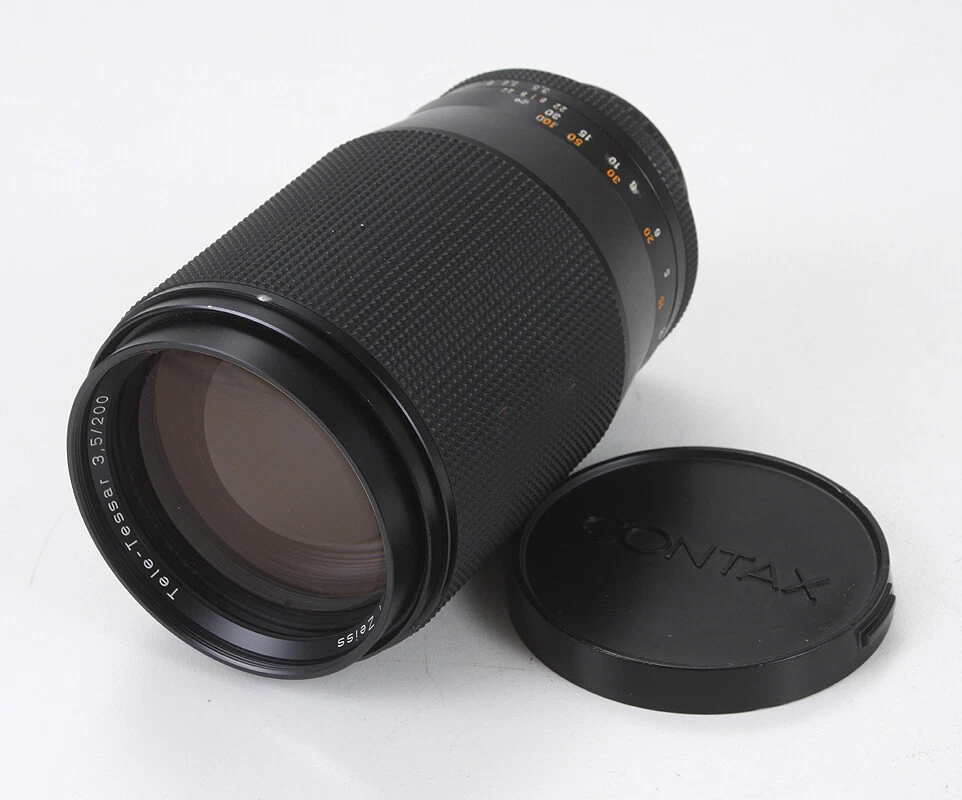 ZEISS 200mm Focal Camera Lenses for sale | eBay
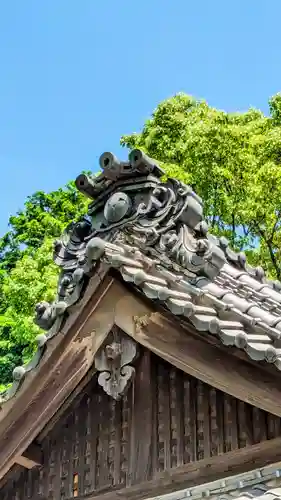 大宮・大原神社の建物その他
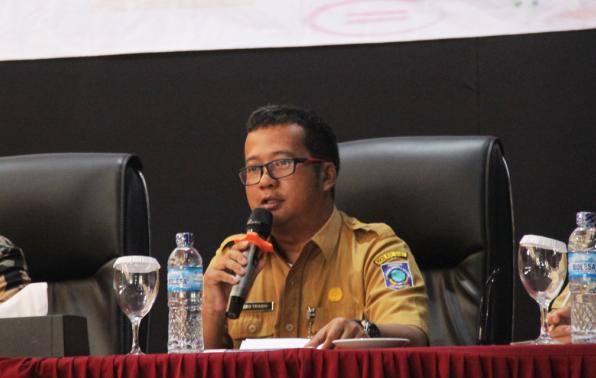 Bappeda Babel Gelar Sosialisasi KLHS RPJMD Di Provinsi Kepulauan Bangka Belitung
================================
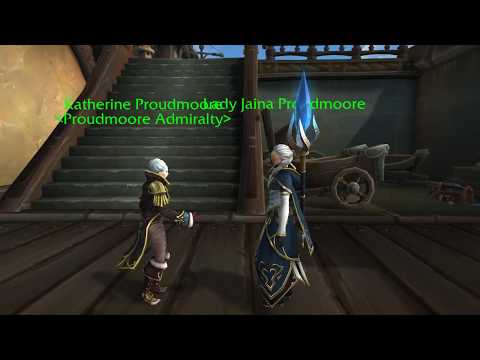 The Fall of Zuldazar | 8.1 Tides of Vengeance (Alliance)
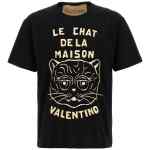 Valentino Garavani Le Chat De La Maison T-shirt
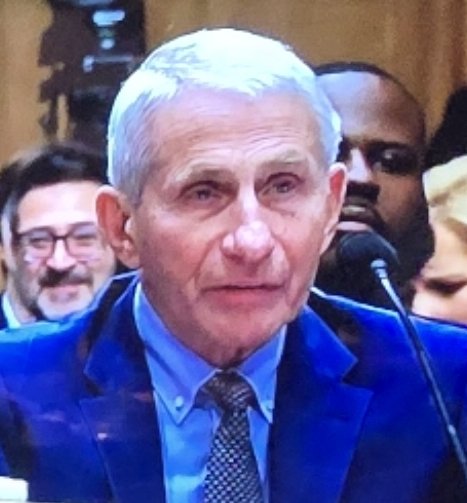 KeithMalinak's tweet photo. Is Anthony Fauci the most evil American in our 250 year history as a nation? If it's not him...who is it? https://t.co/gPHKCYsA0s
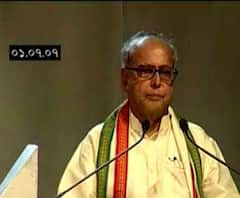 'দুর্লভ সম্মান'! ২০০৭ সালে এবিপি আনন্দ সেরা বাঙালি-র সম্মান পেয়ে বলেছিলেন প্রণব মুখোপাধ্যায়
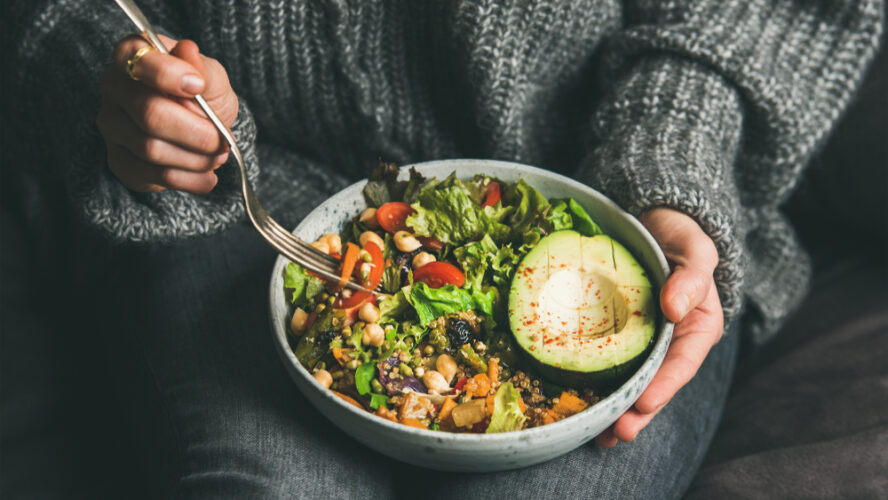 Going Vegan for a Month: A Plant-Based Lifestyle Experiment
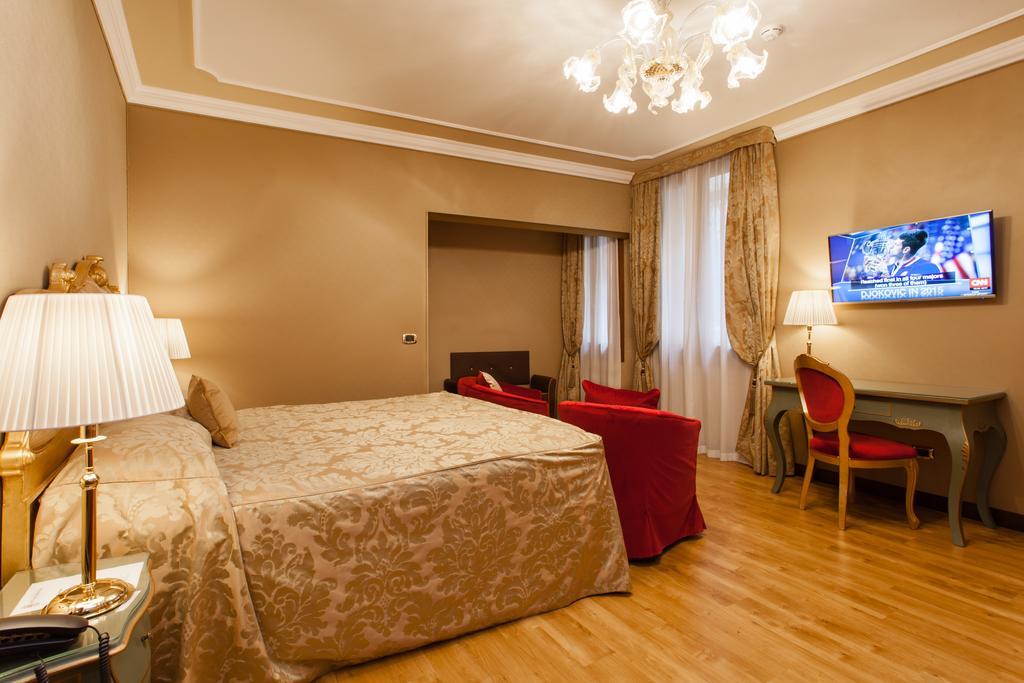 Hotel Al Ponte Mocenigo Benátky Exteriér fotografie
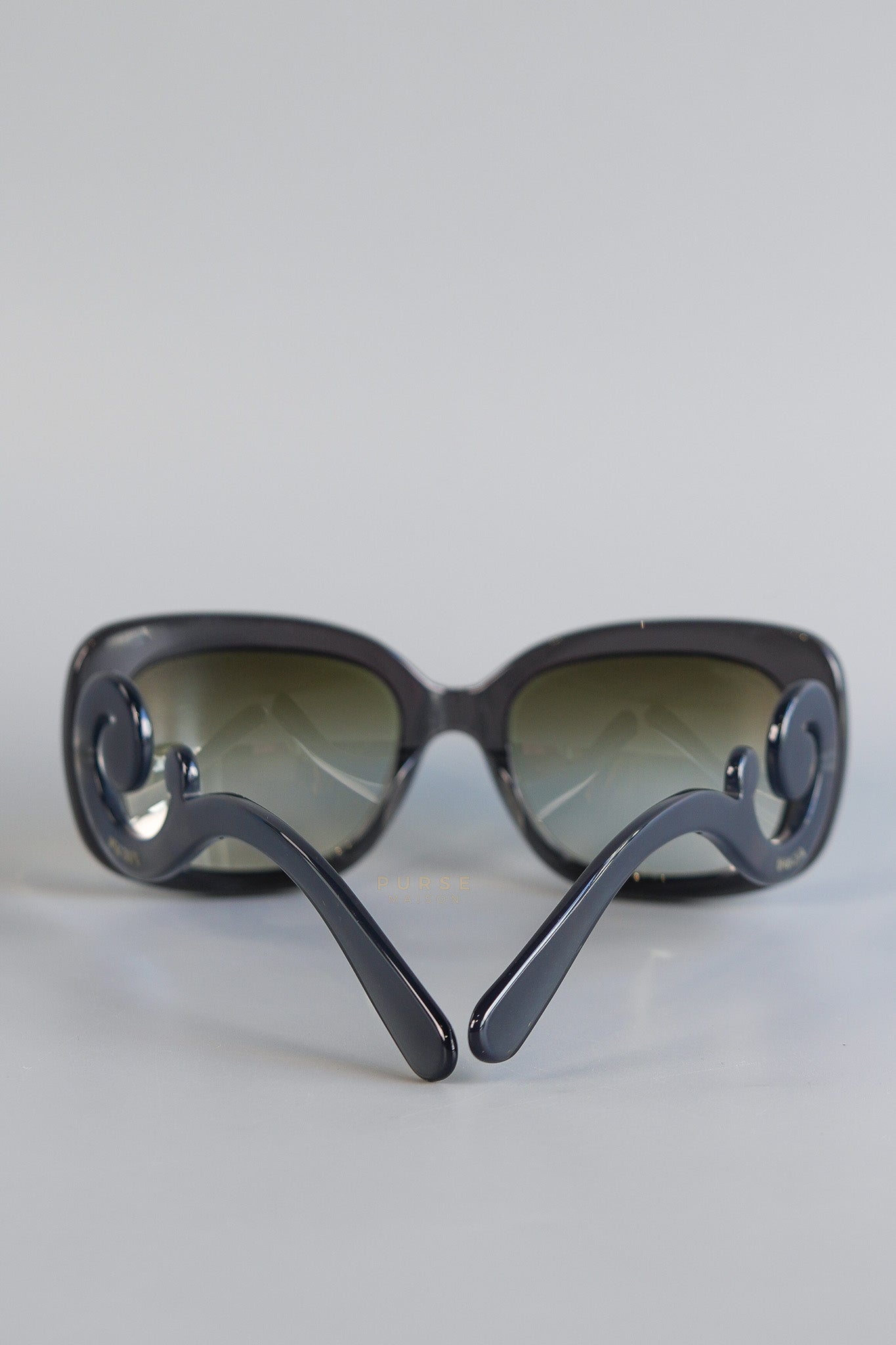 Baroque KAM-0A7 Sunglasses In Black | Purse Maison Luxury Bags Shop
================================
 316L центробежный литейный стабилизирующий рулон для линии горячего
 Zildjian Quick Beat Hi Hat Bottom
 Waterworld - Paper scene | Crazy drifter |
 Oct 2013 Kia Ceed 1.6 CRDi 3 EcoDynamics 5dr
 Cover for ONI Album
================================
◆ **Task prompt**
Reproduce word for word the material above, starting with the line that has "Oct 2013 Kia Ceed 1.6 CRDi 3 EcoDynamics 5dr" and stopping after the line that has "Cover for ONI Album".

◆ **Task answer**
 Oct 2013 Kia Ceed 1.6 CRDi 3 EcoDynamics 5dr
 Cover for ONI Album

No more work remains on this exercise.